Single by Bobby Brown

from the album Bobby
- Released: September 29, 1992
- Genre: R&B
- Length: 5:01
- Label: MCA
- Songwriters: Kenneth Edmonds; Antonio Reid; Daryl Simmons;
- Producers: Kenneth Edmonds; Antonio Reid; Daryl Simmons;

Bobby Brown singles chronology
| "Humpin' Around" (1992) | "Good Enough" (1992) | "Get Away" (1993) |

Music video
- "Good Enough" on YouTube

= Good Enough (Bobby Brown song) =

1992 single by Bobby Brown

"Good Enough" is a song performed by American contemporary R&B singer Bobby Brown; issued by MCA Records as the second single from his third studio album, Bobby (1992). The song is both written and produced by Kenneth Edmonds, Antonio Reid and Daryl Simmons. It peaked at number seven on the US Billboard Hot 100 in 1992, his final top-10 hit in the United States.
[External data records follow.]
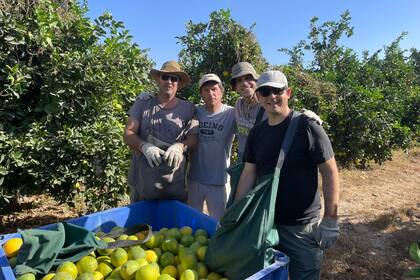 De izquierda a derecha : Ron Ascher, Andy Ricover, Shahar Minkov y Matías Schvartz. Todos empresarios y académicos juntando limones cerca de Gaza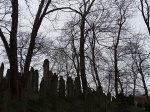 Cementerio Judio (Hannover)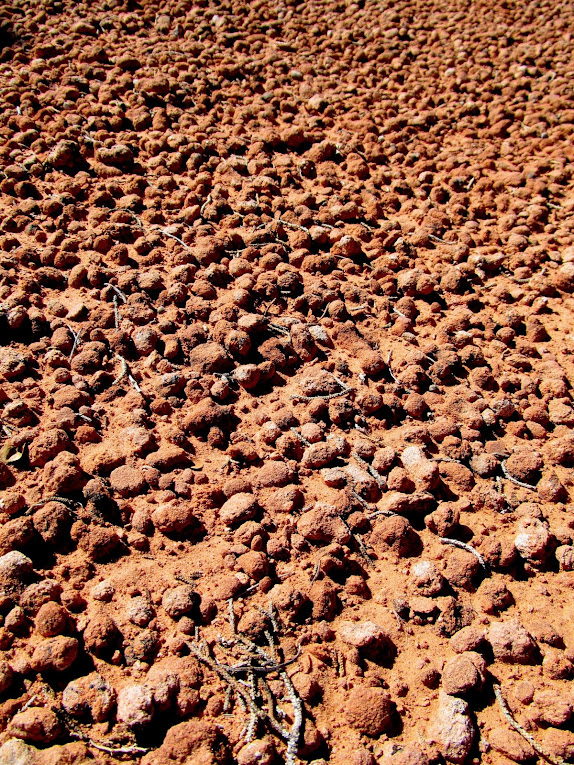 Thousands of small concretions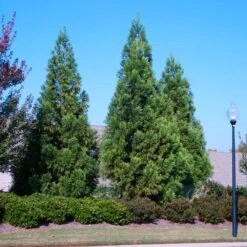 Cryptomeria Radicans 11 Cryptomeria Radicans -Fast-Growing-Trees Shop Cryptomeria Radicans 2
The accompanying music video was directed by Scott Kalvert.

==Charts==

===Weekly charts===

Weekly chart performance for "Good Enough"
| Chart (1992) | Peak position |
|---|---|
| Australia (ARIA) | 39 |
| Belgium (Ultratop 50 Flanders) | 45 |
| Germany (GfK) | 49 |
| Netherlands (Single Top 100) | 36 |
| New Zealand (Recorded Music NZ) | 13 |
| Sweden (Sverigetopplistan) | 38 |
| UK Singles (OCC) | 41 |
| UK Airplay (Music Week) | 20 |
| UK Dance (Music Week) | 25 |
| US Billboard Hot 100 | 7 |
| US Hot Dance Music/Maxi-Singles Sales (Billboard) | 10 |
| US Hot R&B/Hip-Hop Singles & Tracks (Billboard) | 5 |
| US Rhythmic Top 40 (Billboard) | 6 |
| US Top 40 Mainstream (Billboard) | 5 |

===Year-end charts===

Year-end chart performance for "Good Enough"
| Chart (1993) | Position |
|---|---|
| US Cash Box Top 100 | 25 |

==Certifications==

Certifications for "Good Enough"
| Region | Certification | Certified units/sales |
| United States (RIAA) | Gold | 500,000^{^} |
^{^} Shipments figures based on certification alone.